Luego, dice que buscaría la manera de sacar su residencia y arreglar su estatus migratorio.

“También compraría dos propiedades. Una para vivir y otra para rentar… Y después de darle dinero a mi familia haría algo para ayudar a familias de bajos recursos en el estado más pobre de México, no sé… quizás un hospital o una escuela”.

García tiene una idea bajo la manga; sin embargo, en años anteriores se han reportado casos de inmigrantes indocumentados que temen salir a reclamar su premio por temor a ser deportados.

Russ López, portavoz de la lotería en California, dijo que no es ningún problema si un indocumentado compra y gana.

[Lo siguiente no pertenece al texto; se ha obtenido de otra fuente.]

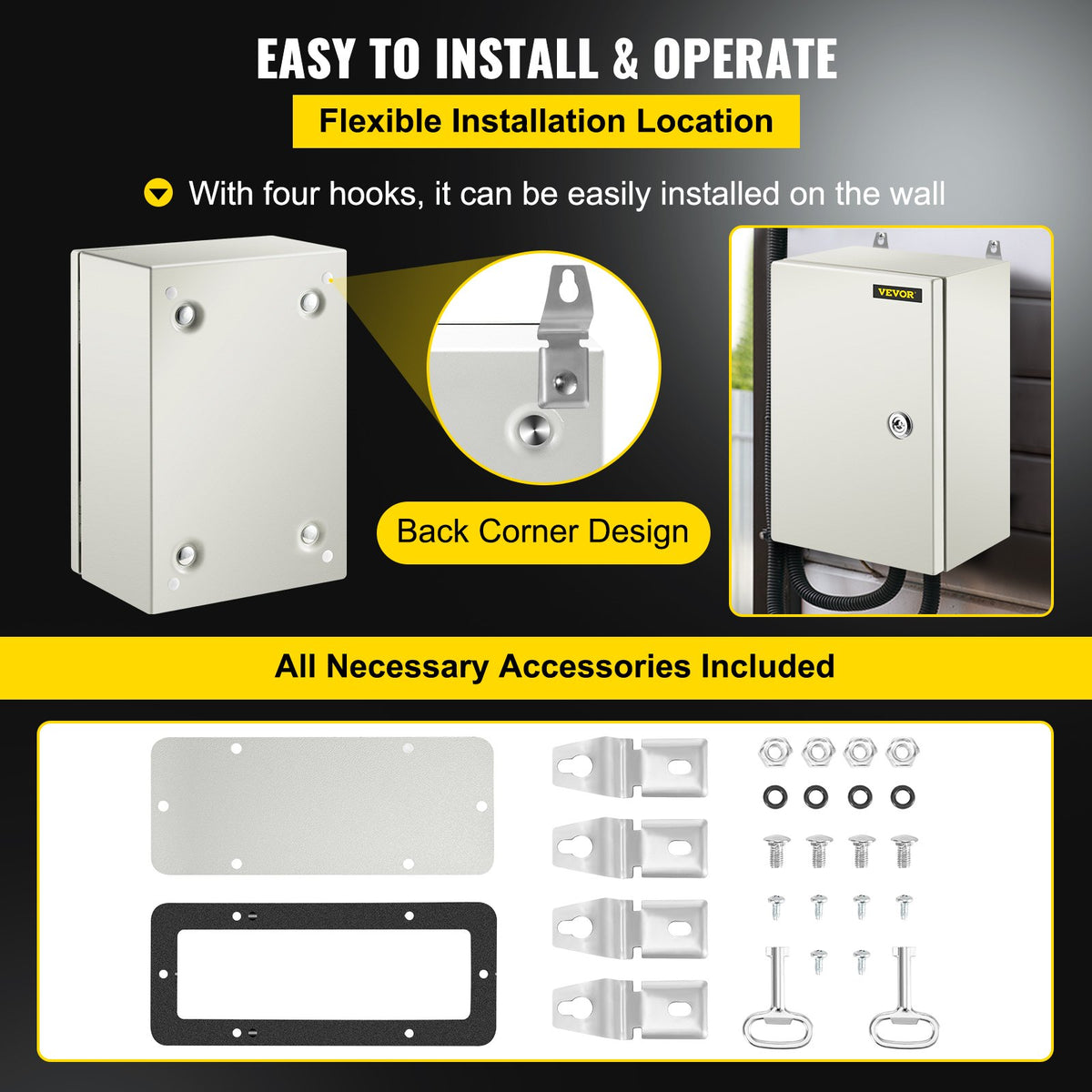 NEMA Steel Enclosure ,12 x 8 x 6\'\' NEMA 4X Steel Electrical Box, IP66 Waterproof & Dustproof, Outdoor/Indoor Electrical Junction Box, with Mounting Plate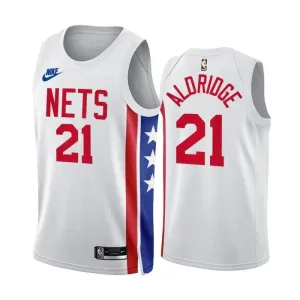Camiseta Brooklyn Nets Lemarcus Aldridge 21 Classic Edition 2022-23 Blanco Swingman para Hombre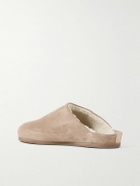 Mulo - Shearling-Lined Suede Slippers - Brown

Los boletos se venderán hasta las 7:00 p.m. de hoy. / Foto: Mey Lyn Mitteenn

“Puedes reclamar seguro tu premio. No nos importa tu estatus migratorio”, dijo López. No obstante, enfatizó que todas las personas —con o sin documentos— son cuestionadas acerca de dónde compraron su boleto y les hacen preguntas personales para confirmar que no estén cometiendo fraude.

“Es mejor que vengan ellos porque a veces [los indocumentados] van con el amigo a que les cambie su boleto ganador y esta persona los estafa” al robarse su premio, dijo la portavoz.

Bajo las reglas de la lotería a cualquier persona que gane un premio se le deducen 25% del total. Pero si la persona está de manera ilegal en el país se le deduce un 30%.

“Su nombre sí se convierte en récord público pero es opcional si la persona se quiere tomar o no una foto con el premio para publicar su imagen”, añadió López.

García, dice que una vez se ganó $100, y aunque sabe que las posibilidades de ganarse el premio mayor es una en 292 millones tiene todavía mucha fe. “Compro mi boleto porque estoy esperando mi día de suerte”.

Si las personas tienen preguntas pueden visitar CAlottery.com y pulsar en la parte superior derecha la versión en español.